Gabrielsson and Larsson both lived a life of activism to defend social causes, and she is quick to point out that the trilogy was not written as escapist crime fiction. She notes in her book how “every violent act in The Millennium Trilogy was inspired by real murders described in police reports.” Larsson’s message, as is Gabrielsson’s, is the empowerment of women against a patriarchy which is hateful of them.

And the patriarchy is not bound by any particular culture or nationality or “race” or religion: Larsson, says Gabrielsson, decried how certain crimes against women were differentiated as “cultural” or “ordinary.” Larsson’s point was that whether a young woman is murdered by her boyfriend or in a so-called “honor” killing by her father, both women are victims of patriarchal oppression. Furthermore, domestic violence knows no social, cultural, or economic boundary. Or, as the Swedish title of Larsson’s first book bluntly states: it is about Men Who Hate Women.

Gabrielsson reminds us of this first book’s title and how the English translations, entitled “Girl” with the Dragon Tattoo co-opts and minimizes the strong message that the Millennium Trilogy portrays. She also notes that critics and politicians and the culture shun the feminist message and just see the books to be about an investigative journalist fighting neo-Nazis. What is lost with these critics is that part and parcel of the Nazi belief system is the denigration of women. Nevertheless, she believes that the Millennium Trilogy has empowered many women. She relates how one teenager approached her with her personal story of how the books saved her life, by giving her the courage to fight back.

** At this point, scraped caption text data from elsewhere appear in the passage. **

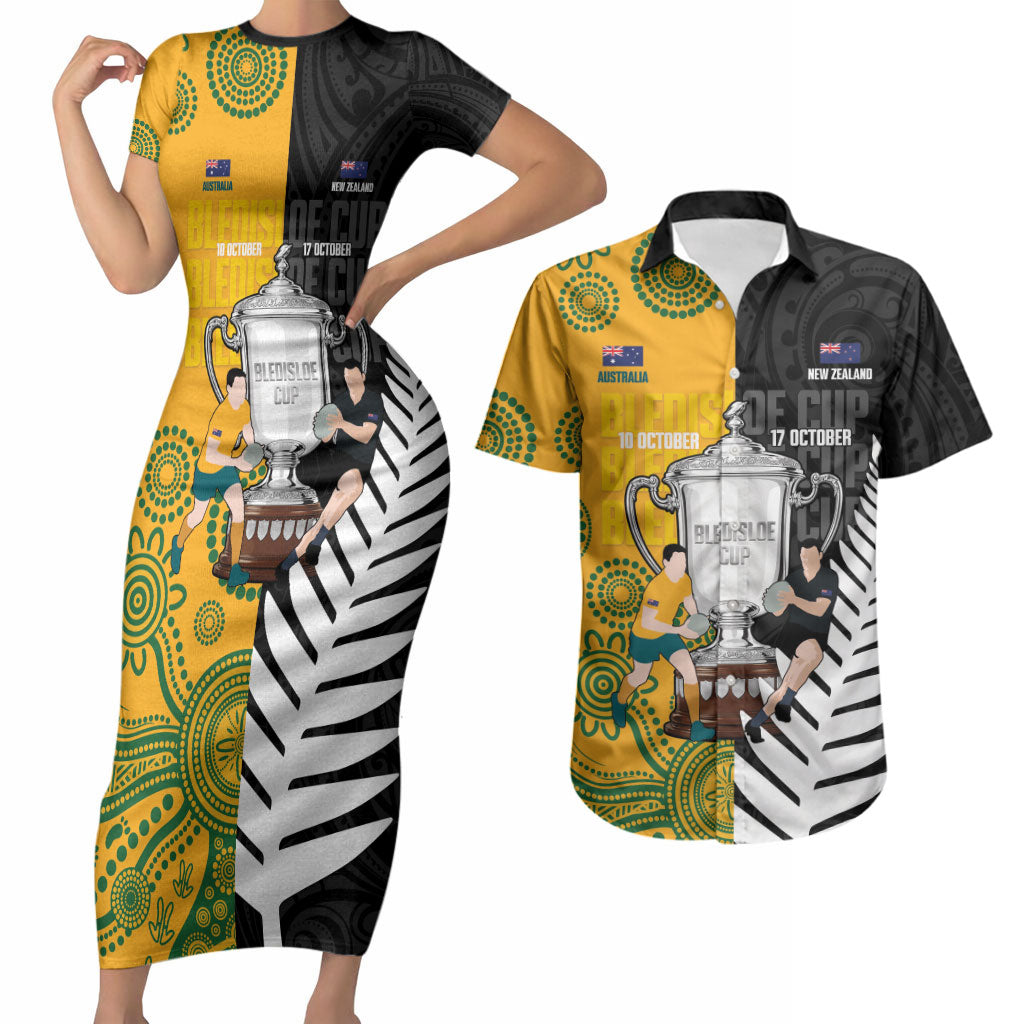 New Zealand Australia Rugby Bledisloe 2026 Custom Couples Matching Short Sleeve Bodycon Dress and Hawaiian Shirt Champion Trophy Maori Aboriginal Art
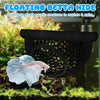 A floating betta hide made of black mesh allowing small aquatic creatures to explore and swim.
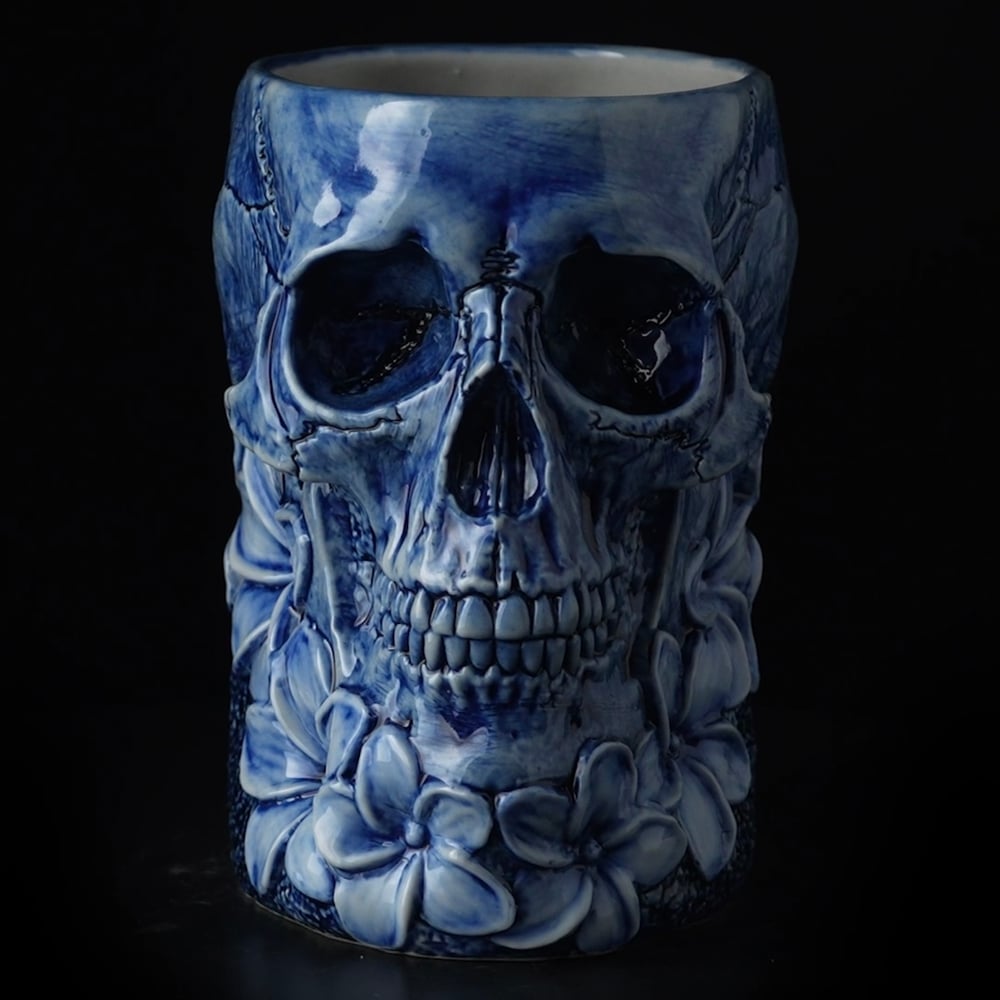 LEI'D TO REST Super Limited 20 oz Tiki Mug - ICY DEATH Cobalt Blue from Trevor Foster Studio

According to Gabrielsson, Larsson always fought for women and was collaborative with them. So it would seem that Larsson, the quintessential male feminist, would want Eva Gabrielsson to find her own voice and shine in her own light, never to be forgotten for her own work in creating a just society where women are no longer hated by men.

Eva Gabrielsson appears tonight (Thursday, May 31, 2012) in Philadelphia, at the Free Library, 1901 Vine Street, 7:30 pm. (See freelibrary.org/authorevents.)